Revel previously launched a pilot program in Brooklyn in 2018 with 68 of the mopeds around a pilot zone encompassing most of Williamsburg, Greenpoint, and Bushwick. The new expansion widens that zone to cover everywhere north up to Astoria and Long Island City, down to Red Hook, and over to Crown Heights and Bedford-Stuyvesant.

Here's how you use them: first you have to download the Revel app, take a photo of your driver’s license and pay a $19 sign-up fee, and you'll be able to start using it within 24 hours (you won’t get approved if you have any DUIs or other significantly bad infractions in your driving record). After that, the mopeds can be rented for 25 cents per minute on top of a $1 base charge. You use the app to find the nearest moped, then you can drive anywhere in Brooklyn or Queens, as long as you eventually return it to a legal spot somewhere within the zone—and you can park perpendicular to the curb, so finding spots shouldn't be that hard.

Note: though the mopeds have a 50 mile range, they are considered Class B vehicles, which means you’re not allowed to ride them on expressways or other high-speed roads or bridges. They also top out at 30 MPH, more than enough for the 25 MPH speed limit on most New York streets, and enough to get you over smaller bridges like the Pulaski into Queens, but not something you’d want to try on the Williamsburg Bridge. (You also aren't supposed to take them into Manhattan.)

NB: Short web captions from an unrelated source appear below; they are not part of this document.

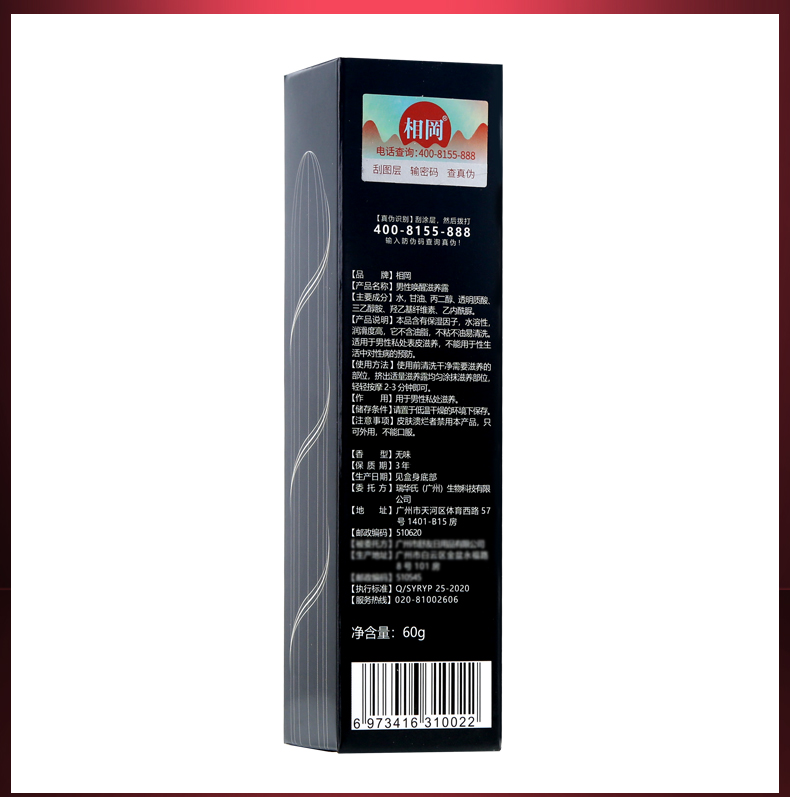 趣愛閣-情趣用品購物網站延時噴劑：相岡男性喚醒滋養露(60g)延時噴劑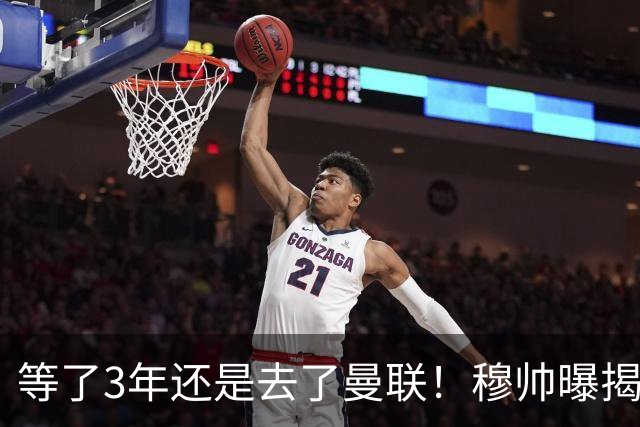 等了3年还是去了曼联！穆帅曝揭秘13年往事，竟是为爱放鸽子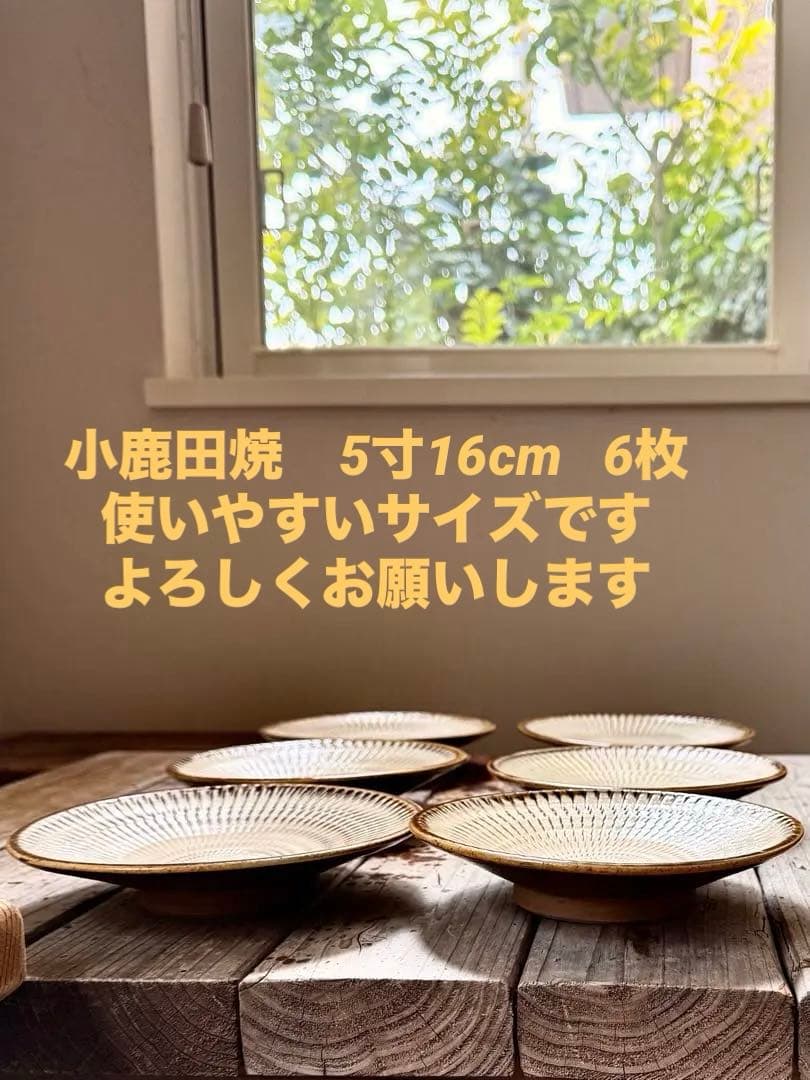小鹿田焼　飛び鉋　民藝　5寸　16cm 刷毛め　6枚セット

It's very similar to the car2go model—and Revel has faced similar criticisms to that company for not covering many low-income neighborhoods in Brooklyn and Queens. To offset that, the company says it plans to provide a 40% discount to riders who can prove they are on public assistance programs, including SNAP, and to NYCHA residents.


Jake Dobkin tested out the scooter last summer, and found it straightforward and easy to figure out how to maneuver with it, despite having little experience with such scooters. "In terms of the environmental impact, the amount of space they take up, and their danger to pedestrians, mopeds are an order of magnitude better for the city than private cars, and everyone who longs for a less traffic-choked city should wish them luck with their trial," he concluded.